### TASK OBJECTIVE
Your output should consist solely of the lines from the one holding "Nito no Taidana" to the end of the records below, inclusive, reproduced exactly and free of pictures.

Short text fragments from websites
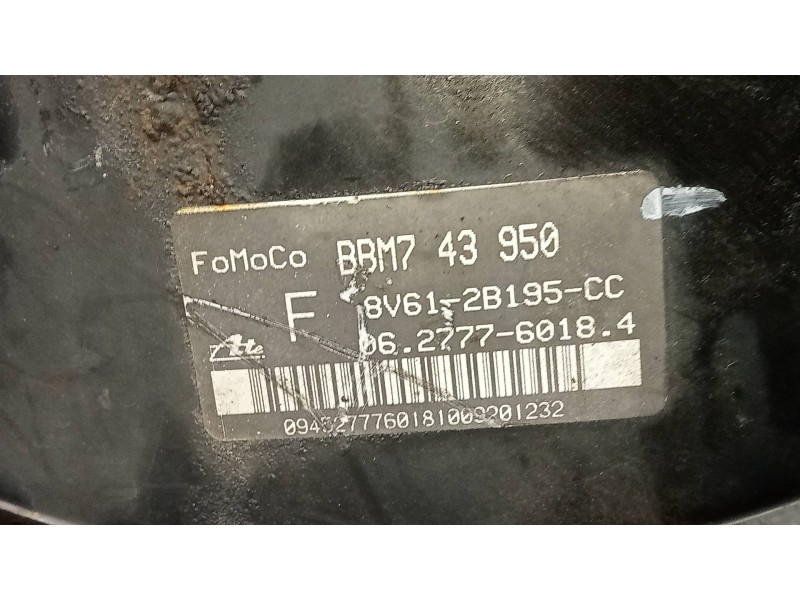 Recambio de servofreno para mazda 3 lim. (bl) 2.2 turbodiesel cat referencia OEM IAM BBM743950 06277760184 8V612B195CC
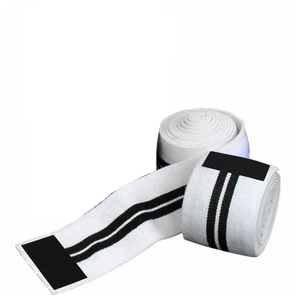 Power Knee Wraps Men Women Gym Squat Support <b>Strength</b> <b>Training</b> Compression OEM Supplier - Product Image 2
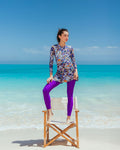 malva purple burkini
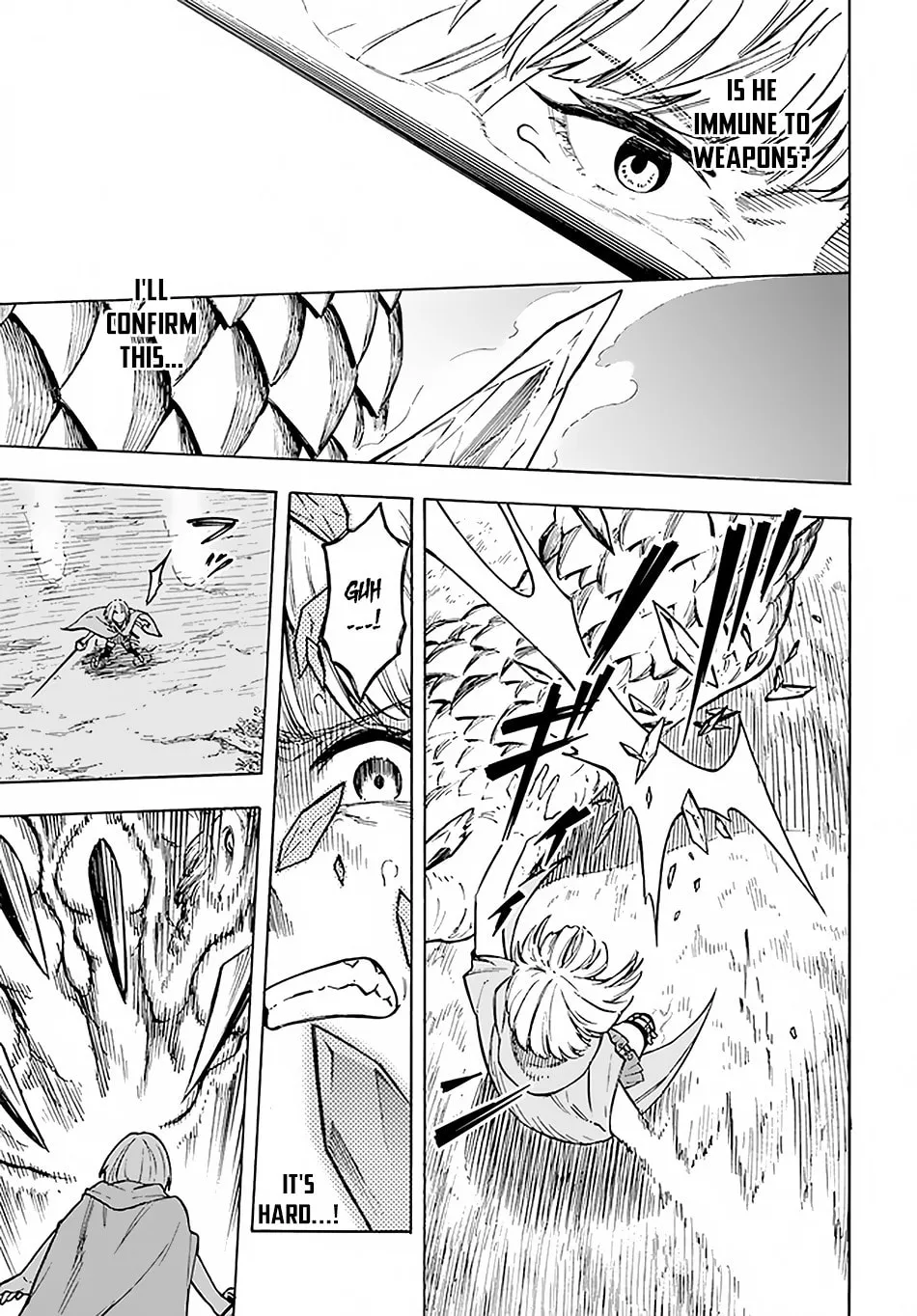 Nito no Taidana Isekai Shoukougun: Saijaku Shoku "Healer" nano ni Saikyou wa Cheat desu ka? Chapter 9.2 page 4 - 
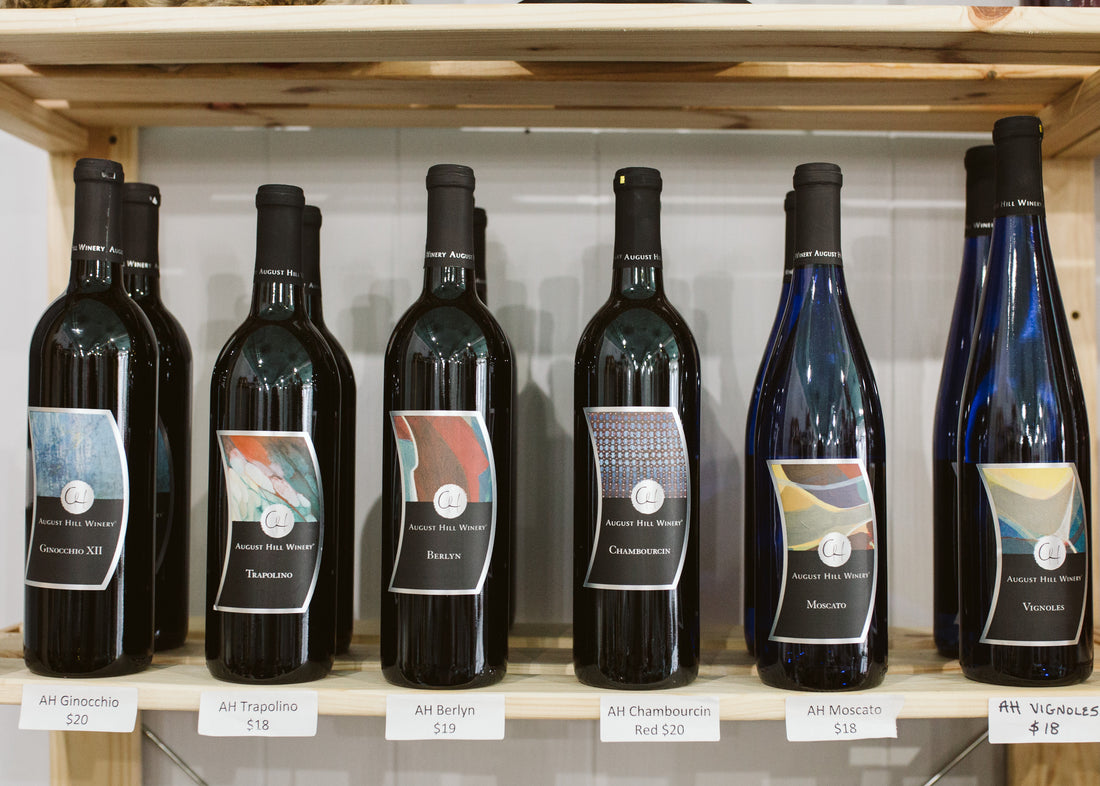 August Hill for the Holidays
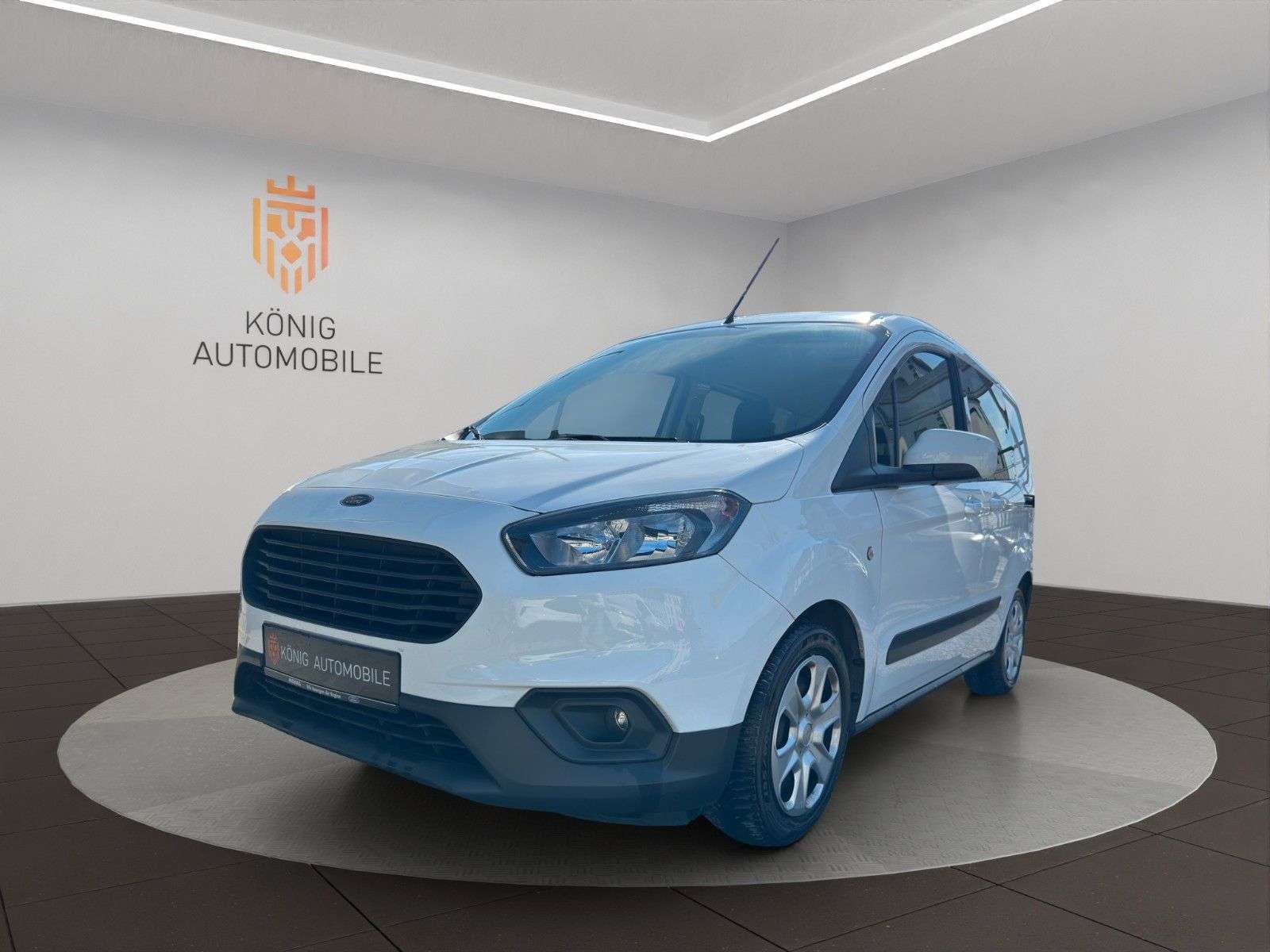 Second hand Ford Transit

### WRITTEN SOLUTION
 Nito no Taidana Isekai Shoukougun: Saijaku Shoku "Healer" nano ni Saikyou wa Cheat desu ka? Chapter 9.2 page 4 - 
 August Hill for the Holidays
 Second hand Ford Transit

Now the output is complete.